Yesterday I went to the orientation session for the Fibromyalgia study that I'm participating in. I was a little disappointed that we didn't do anything but fill out baseline forms and listen to descriptions of what we were going to do, but well, I assume they do all these things for a reason.

I'll be going to Tai Chi classes twice a week, on Monday and Wednesday, and be expected to practice at home for 20 minutes per day. It's very doable, and I'm looking forward to actually learning the moves.

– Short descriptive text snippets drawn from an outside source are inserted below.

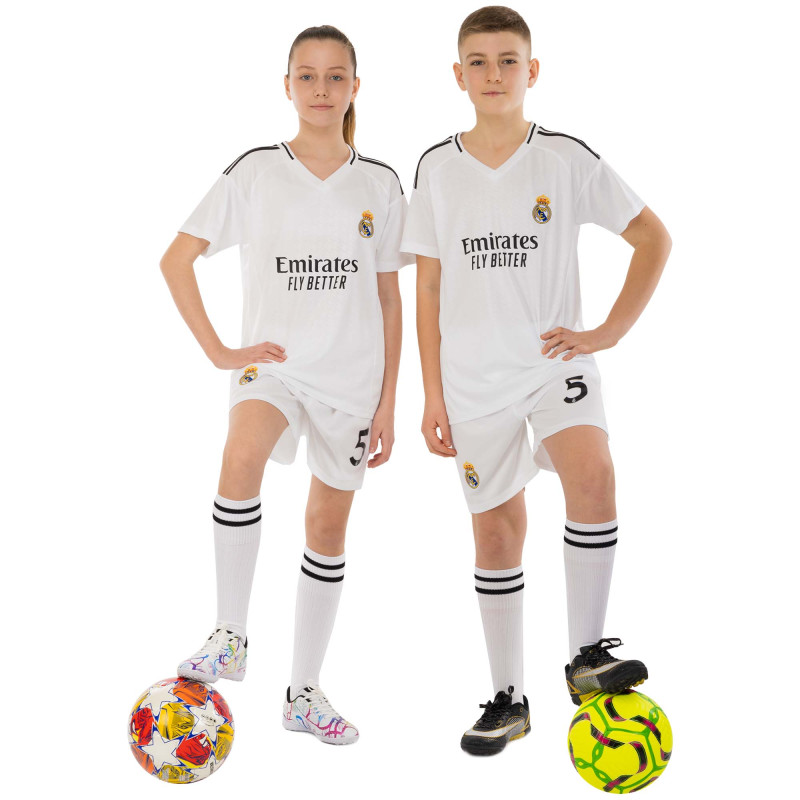 Форма футбольна дитяча із символікою футбольного клубу REAL MADRID BELLINGHAM 5 домашня 2025 SP-Sport CO-4636 20-30 білий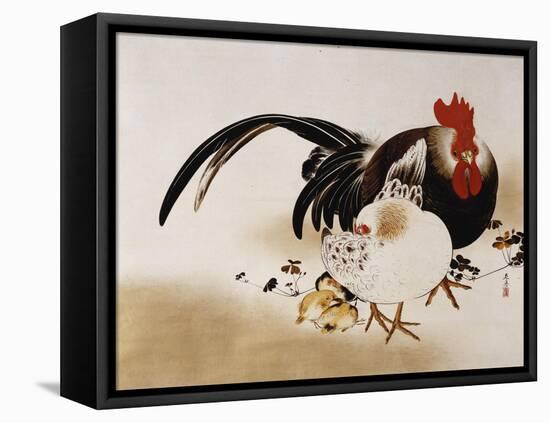 Cockerel, Hen and Chicks, 1892-Hashiguchi Goyo-Framed Stretched Canvas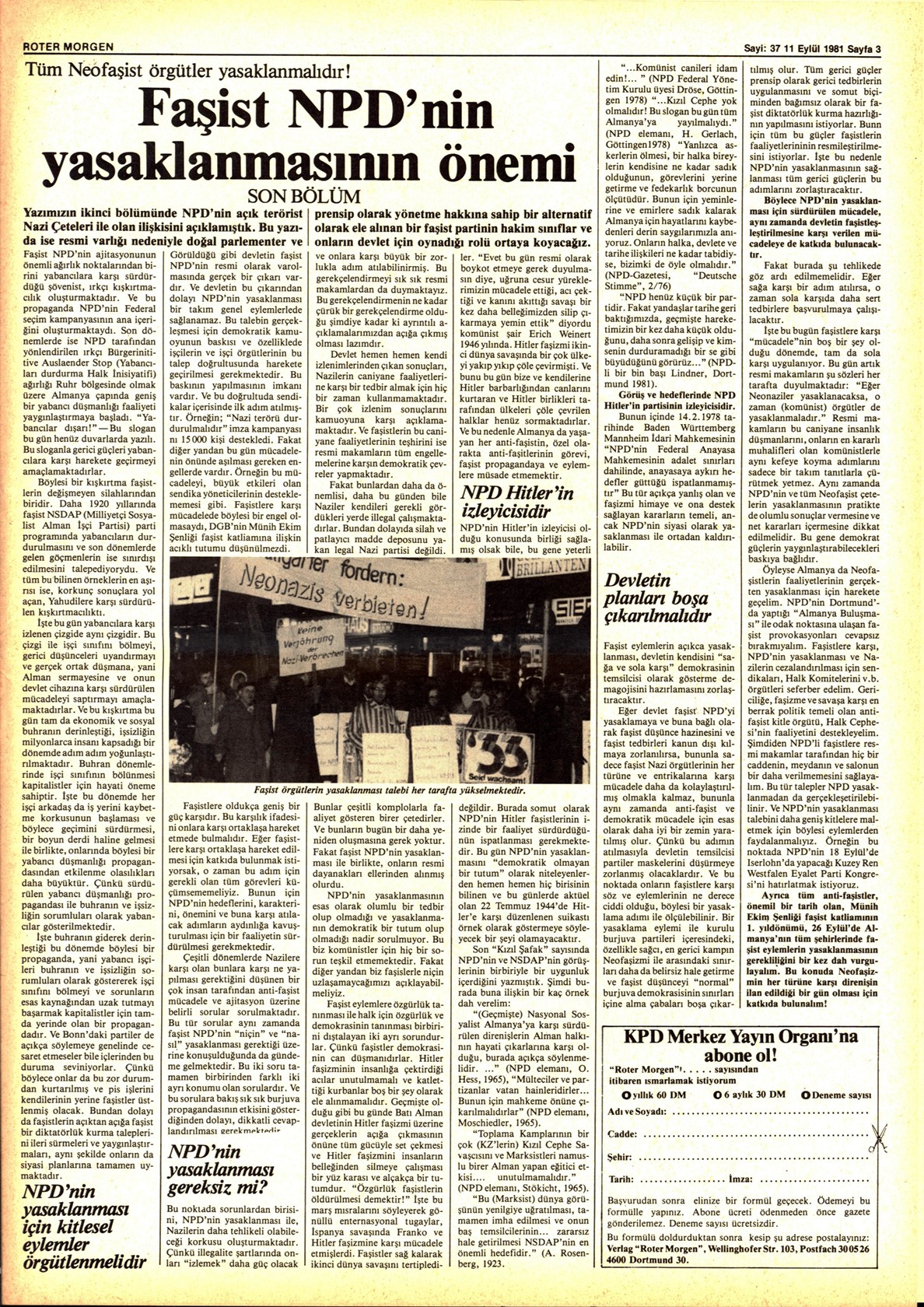 Roter Morgen, 15. Jg., 11. September 1981, Nr. 37, Seite 16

It was interesting meeting other people with fibromyalgia; I'd never met anyone else who had it before. Some people were a lot worse off than I am--one walked with a cane, and another had to bring her own special pen to fill out the forms because her hands couldn't hold a regular pen. I was definitely the youngest in the group, and the only one who didn't seem to get into the conversations about symptoms. I always feel like I need to stay on top of my pain, and not wallow in it. It was strange to look at the questions that asked things like "Does your pain ever keep you from performing your work?" and mark no. The full answer is really: "It could keep me from doing things, but I refuse to let it."

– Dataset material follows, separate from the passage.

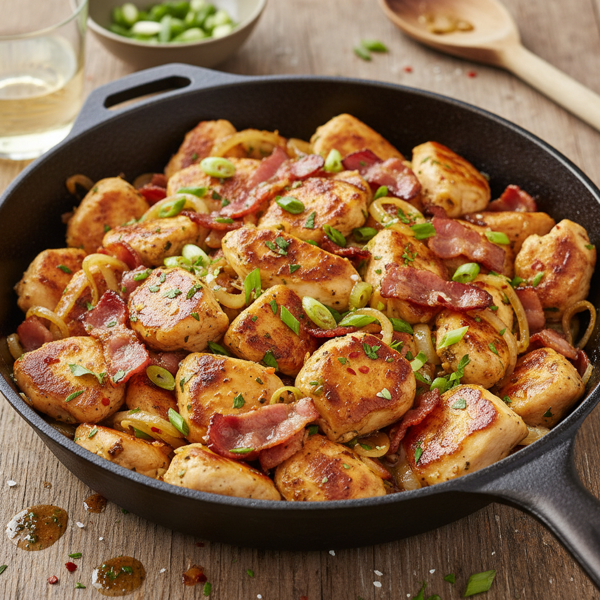 Savory Chicken and Bacon Sauté with Scallions recipe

The other thing that was interesting about meeting other sufferers was the constant echo of "no one believes there's anything wrong with me." It's true, that except perhaps for the person with the cane, none of the people I saw looked like they were in pain, but I know from experience that they probably were. Fibromyalgia is nearly invisible to the outside observer. I suppose that's why I'm optimistic about the Tai Chi--it seems to be "invisible" in its effects, much like the disease itself. We'll see what happens.

2 responses:

Vanessa said...

I don't remember how we got on the subject, but at a friend's going away party the friend that was leaving happened to mention that his friend was potentially diagnosed with fibromyalgia and said "it's one of those things doctors tell you you have when they don't know what's actually wrong with you." This seems to echo your "no one believes there's anything wrong with me." . . . none of the people I saw looked like they were in pain, but I know from experience that they probably were. Fibromyalgia is nearly invisible to the outside observer. Having worked with a girl last summer who suffered from fibromyalgia, and having read some of what you've written about it, I knew it wasn't a "fake disease" and told him so. We've had severe disagreements before, and as it was his going away party I didn't want to push it too much. I was so frustrated at what he was saying though!

Reg Golb said...

If you haven't already done so (and aren't afraid to try something outside our medical system) look into the Blood Type Diet.